Making the most of viewing a trace of a song analysed in harmony space

To complement a harmonic analysis, it can be useful to play back the animated visual recording of the chord sequence in the ‘curated songs’ section (if there is a recording/analysis for that song). Note that by contrast automatic analyses using the “songs from the web” panel cannot in general be relied on for accuracy - see below for details.

This section summarises basic tips for playback. (By contrast, to understand how to create your own analyses, and the analytic rationale, see here).

Playback of any chord sequence from the ‘Curated Songs’ section can provide a lot of information about harmonic structure visually. A good way to start to make sense of all this is probably to read the analysis in words of several songs first.

Harmonic information is embodied in:

  • the spatial path of the chord sequence (as made visible using the live arrows or arrow recap buttons)

  • on-screen annotations of the trace

  • physical movements of the key window (made visible in the separate mode arrow trace)

  • changes in the mode (made visible by movements in the position of the red ring relative within the key window)

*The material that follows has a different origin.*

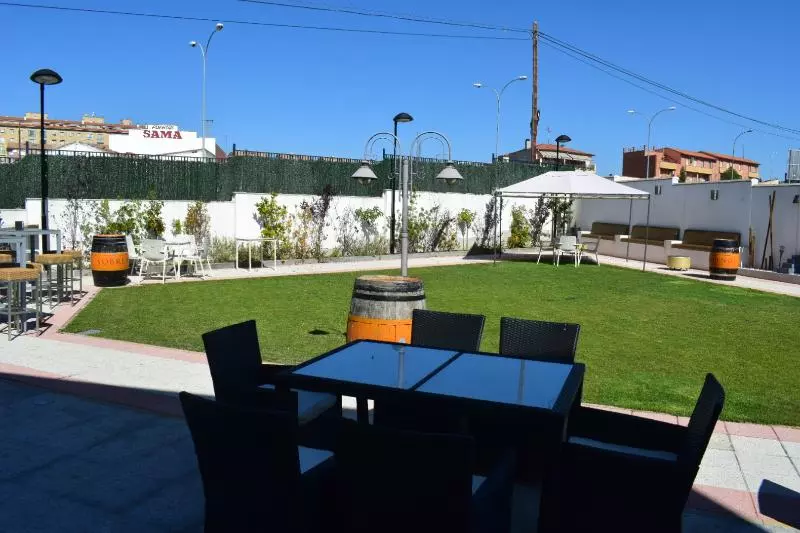 هتل Bardo Recoletos Coco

  • changes in the extended mode (made visible by on-screen mode annotations)

  • the 3-D shape of each chord relative to the key window position

To focus visually just on the root path, use the trace root button – to watch moment by moment chord qualities, unselect both trace root and trace all buttons. The root path alone compresses a surprising amount of information, because unless the root is annotated with a label for its chord quality, the chord quality will just be the natural chord quality (i.e thirds-stacked diatonic quality) for that, position in the key window. Using the “water filling metaphor” described here, it is not hard to learn how to read these off visually (along with an array of associated harmonic realtionships) visually.

On completion of playback (but not before) you can use Print Chords to see a conventional functional harmonic analysis (in alphabetic or roman notation).

Harmonic analyses are always provisional – interpretations can vary

By contrast with songs in the curated songs section, pieces in the chords from the web section have not been actively analysed harmonically. The chords sequences collected from online databases are not always accurate, and the notation of keys and modes found there can also be of variable quality. The spatial traces used to display pieces in this section are generated heuristically only, and may not reflect musical insights well. However, harmony space makes it relatively easy to identify errors in key and mode attribution visually, and to find the right key and mode visually by trial and error. The editor for the chords from the web section can be used to make corrections and resubmit the corrected version to the Choco database (resubmission system is currently in beta testing).